The ‘billion dollar question’ is something that the moody and pensive Jake Foley (Russell Crowe, both acting and directing) has clearly been stewing over. His answer, rather unusually, is to host an incredibly high-stakes poker game with some childhood friends. He’s putting up the stakes – five million dollars each, to be precise – with the stipulation being that all four of his friends have to say yes. If anyone pulls out, the money is off the table and they all have to make do with their choice of car each. It’s not a bad Deal or No Deal. 

But it’s all a ruse. Because the poker game is clearly a front for something else. The friends are all up to something, making hushed phone calls on the journey there, and there’s the hint of something being cooked up by Jake, too. There’s a Lock Stock-like dance playing out here, as you wonder how different factions are going to meet and double-cross each other, and the opening half-hour of Poker Face offers a lot of promise. 

It’s a very British joy, but there’s also some satisfaction in playing spot-the-soap-star too.
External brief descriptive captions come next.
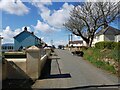 Main street of Trefgarn Owen, Pembrokeshire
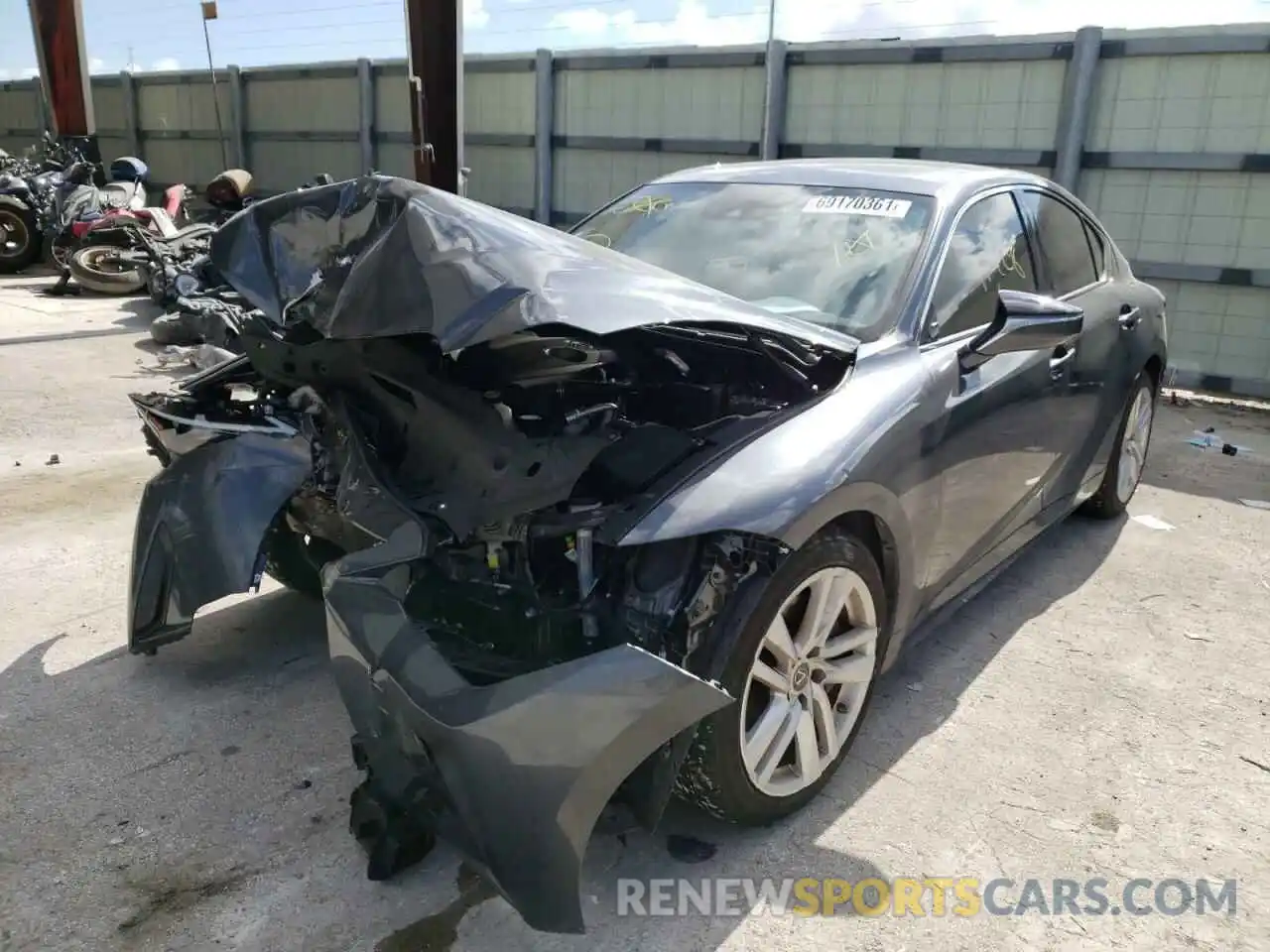 2 Photograph of a damaged car JTHCA1D25M5110870 LEXUS IS 2021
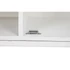 Kép 6/10 - Tv-s szekrény mangófa, fém 120x40x60 cm fehér, arany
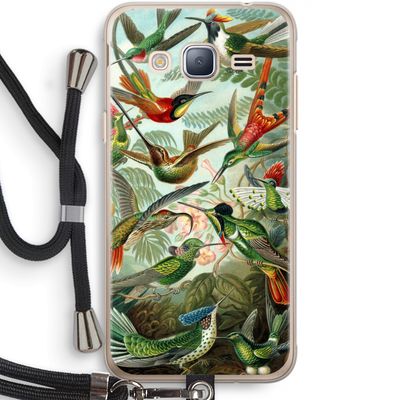 Haeckel Trochilidae: Samsung Galaxy J3 (2016) Transparant Hoesje met koord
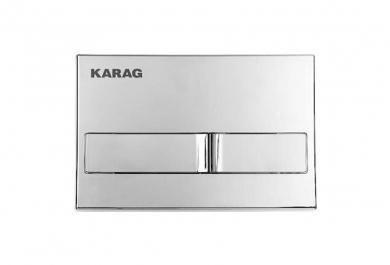 WC tipka Carina krom gloss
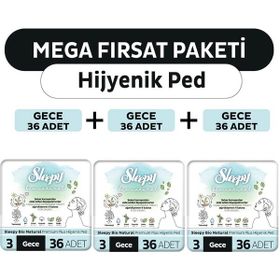 Sleepy Bio Natural Premium Plus Gece 108 Adet Hijyenik Ped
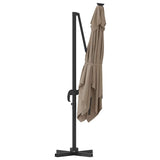 Roma Parasol Taupe 286 x 284 x 265 cm Aluminium and Polyester 42003338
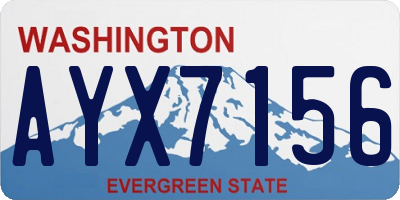 WA license plate AYX7156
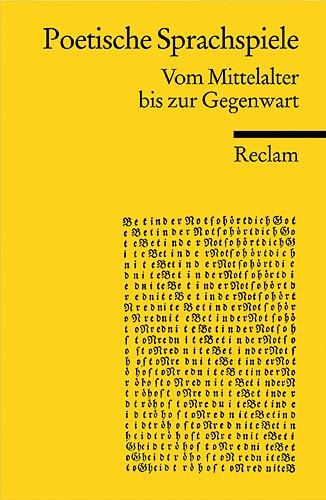 Poetische Sprachspiele -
Poker Face is an Australian movie, financed and filmed in Australia with Antipodean actors, and quite a few of them have played characters in Home & Away and Neighbours. There’s something joyful about seeing an actor who you watched roughly twenty years ago pop up in a high-budget thriller. 

Liam Hemsworth, fresh from the announcement that he will be playing Geralt in The Witcher, is in there too, and immediately sets off alarms. He’s meant to be the childhood friend of Russell Crowe’s character, and no matter how much grey they put in the hair, the age-gap is just too apparent. There’s no way they grew up together, and we felt the aftershock of an immersion break. 

The preamble then moves to the poker table. It’s a trick that Poker Face likes to pull: not quite settling on a genre, and leaving you guessing what kind of movie it is. At this point, with the literal high-stakes revealed, you wonder whether we’re stepping into a poker movie: a Rounders or Maverick. We were on board, perhaps through conscious bias as we like a bit of poker, but also because there was a cute backdrop to the game: would the characters’ ‘tells’ be visible, both for the game, and the schemes they have elsewhere?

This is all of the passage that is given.